Thirty years ago this August, at the 31st General Council in Sudbury, Moderator Bob Smith responded to the request of First Nations people in the United Church for an apology for the church’s role in colonization and the destruction of their cultures and spiritual practices.
His words were painfully honest, speaking truth not just to what European civilization had visited upon Indigenous peoples, but also to what we had brought upon ourselves:
We tried to make you be like us and in so doing we helped to destroy the vision that made you what you were. As a result, you, and we, are poorer and the image of the Creator in us is twisted, blurred, and we are not what we are meant by God to be.
Two years later, the Indigenous church acknowledged the Apology as “an important step forward” and expressed its hope and prayer “that the Apology is not symbolic but that these are the words of action and sincerity.”
This conversation changed us as a church, shifting our identity and setting us on a continuing journey from apology toward reconciliation.

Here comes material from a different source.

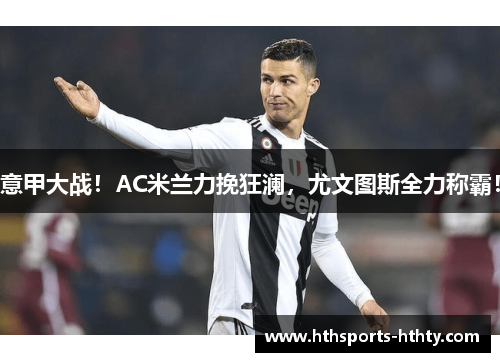 意甲大战！AC米兰力挽狂澜，尤文图斯全力称霸！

As we approach the anniversary of the Apology, I invite you to join in reflecting on what it continues to mean to us as a church and how we can, as individuals and communities of faith, live it out in action and sincerity.

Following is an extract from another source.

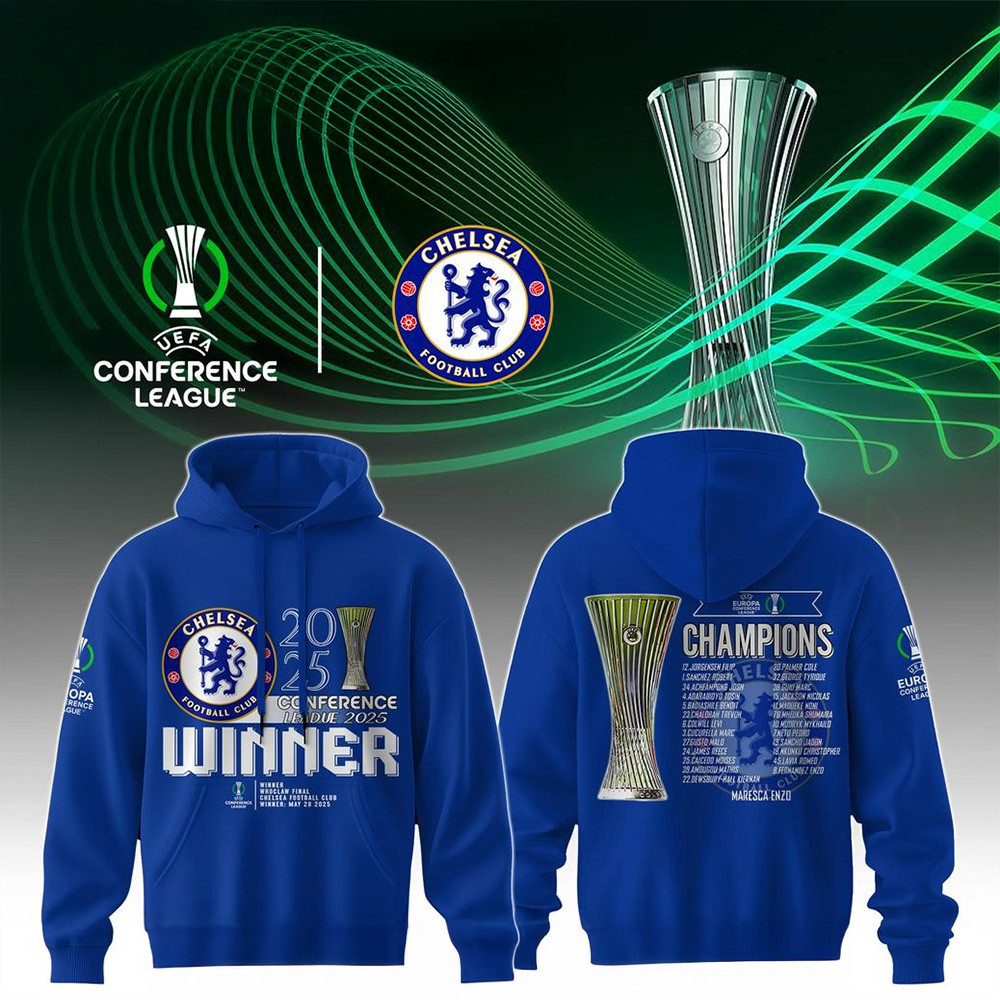 Chelsea FC Europe UEFA Conference League 2025 Winner Hoodie Fathers Day Gift From Daughter-1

I invite you to take time at an upcoming meeting of Conference or presbytery to read both the Apology and the Indigenous church’s response, and to reflect on them in light of the Calls to Action of the Truth and Reconciliation Commission. Resources have been prepared to help you with this—please see below.

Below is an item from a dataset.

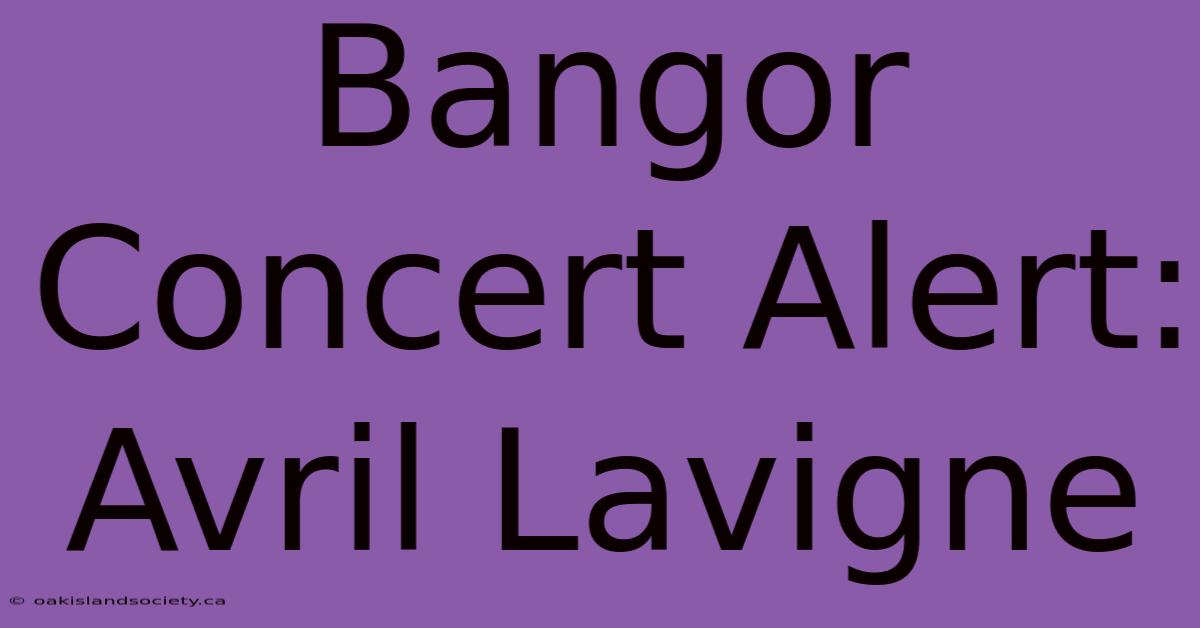 Bangor Concert Alert: Avril Lavigne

I also invite you to make use of a new worship service marking the Apology that we will make available for use in your community of faith on June 5 or 12. This material will also be posted on this website soon.
And finally, I invite you to pilgrimage with me and with representatives of the Indigenous church to the site where Elders received the Apology in 1986. In 1988, in what we now recognize as the settler (non-Indigenous) church’s first step toward reconciliation, Manitou Conference erected—but, on the guidance of Elder Art Solomon, did not complete—a cairn on this site. It stands as a reminder to us of the promise we made and the work still required to fulfill that promise. Please join us there on August 20, or visit the site yourself at another time.
As I began preparing for the August trip, which will involve worship at a local church on Sunday, I turned to the lectionary and found the familiar text of Isaiah 58. It reminds us that if we choose the fast of justice, then “your ancient ruins shall be rebuilt; you shall raise up the foundations of many generations; you shall be called the repairer of the breach, the restorer of streets to live in.”
It is a comforting thought, that we can revisit the past, and although we cannot undo the harms we have caused, we can make amends. We can repair what we have torn apart and restore what we have destroyed. But as Isaiah reminds us, it is a choice we make. Please join with me this spring and summer in recommitting to that choice we made as a church 30 years ago as we continue the journey from Apology towards Reconciliation.